**Activity**
Starting from the line in which "薰衣草什么时候开花什么时候败,山西交城庞泉沟薰衣草几月开花" appears, set down each line exactly through the end of the listing, and nothing else. Leave out pictures.

**Given material**
++++
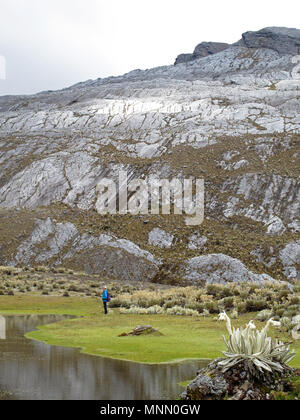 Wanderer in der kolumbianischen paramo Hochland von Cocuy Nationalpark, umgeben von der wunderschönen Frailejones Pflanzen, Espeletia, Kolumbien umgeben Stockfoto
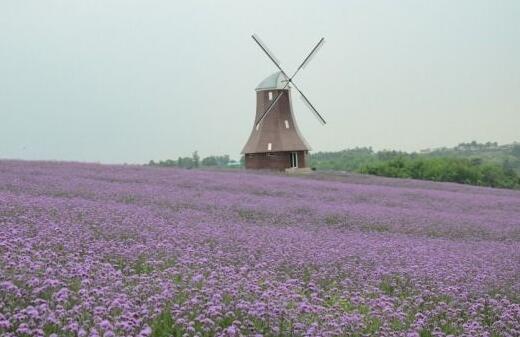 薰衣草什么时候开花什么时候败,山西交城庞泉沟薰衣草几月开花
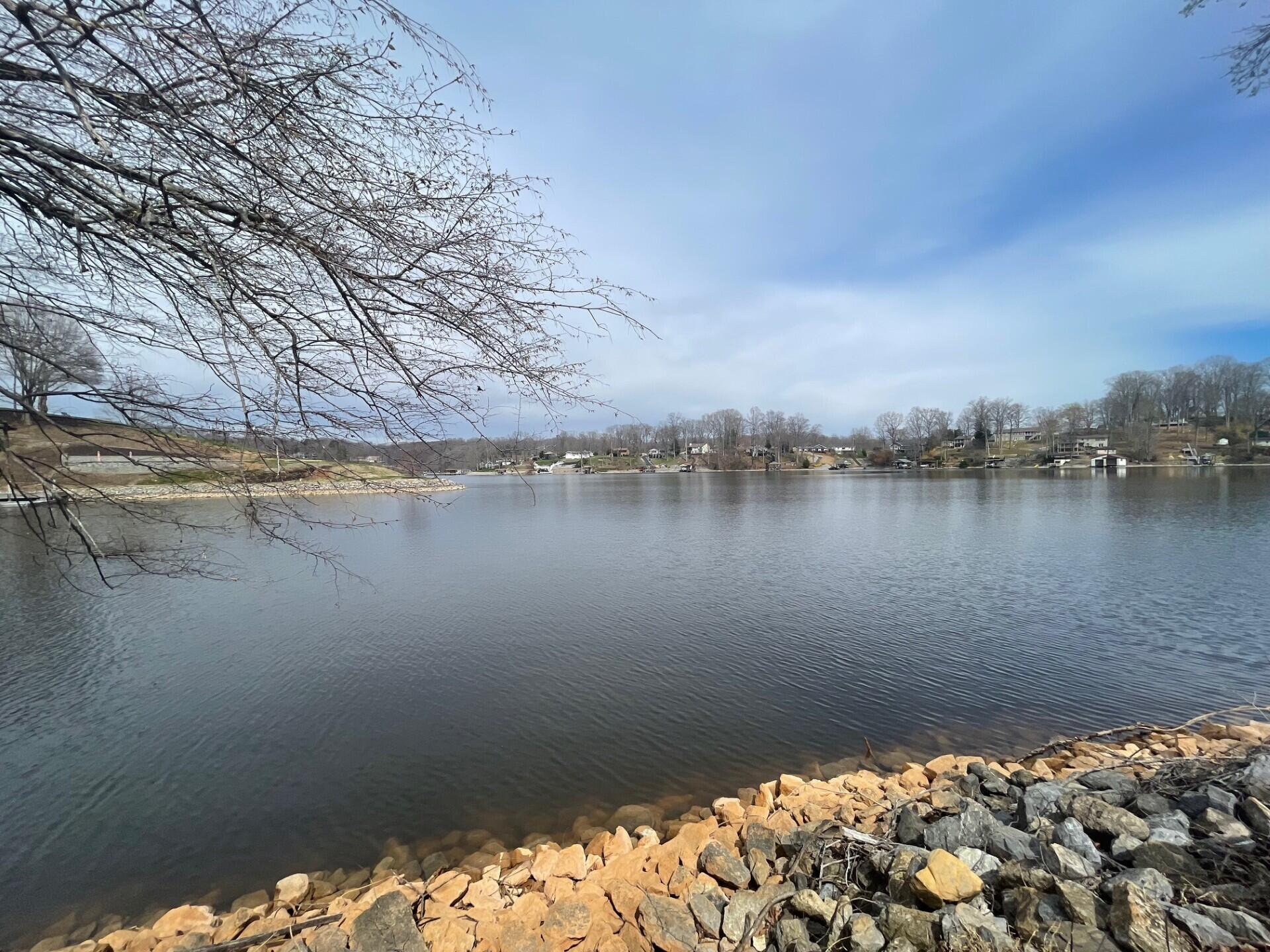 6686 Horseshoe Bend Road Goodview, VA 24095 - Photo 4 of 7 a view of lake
++++
**Output for this exercise**
 薰衣草什么时候开花什么时候败,山西交城庞泉沟薰衣草几月开花
 6686 Horseshoe Bend Road Goodview, VA 24095 - Photo 4 of 7 a view of lake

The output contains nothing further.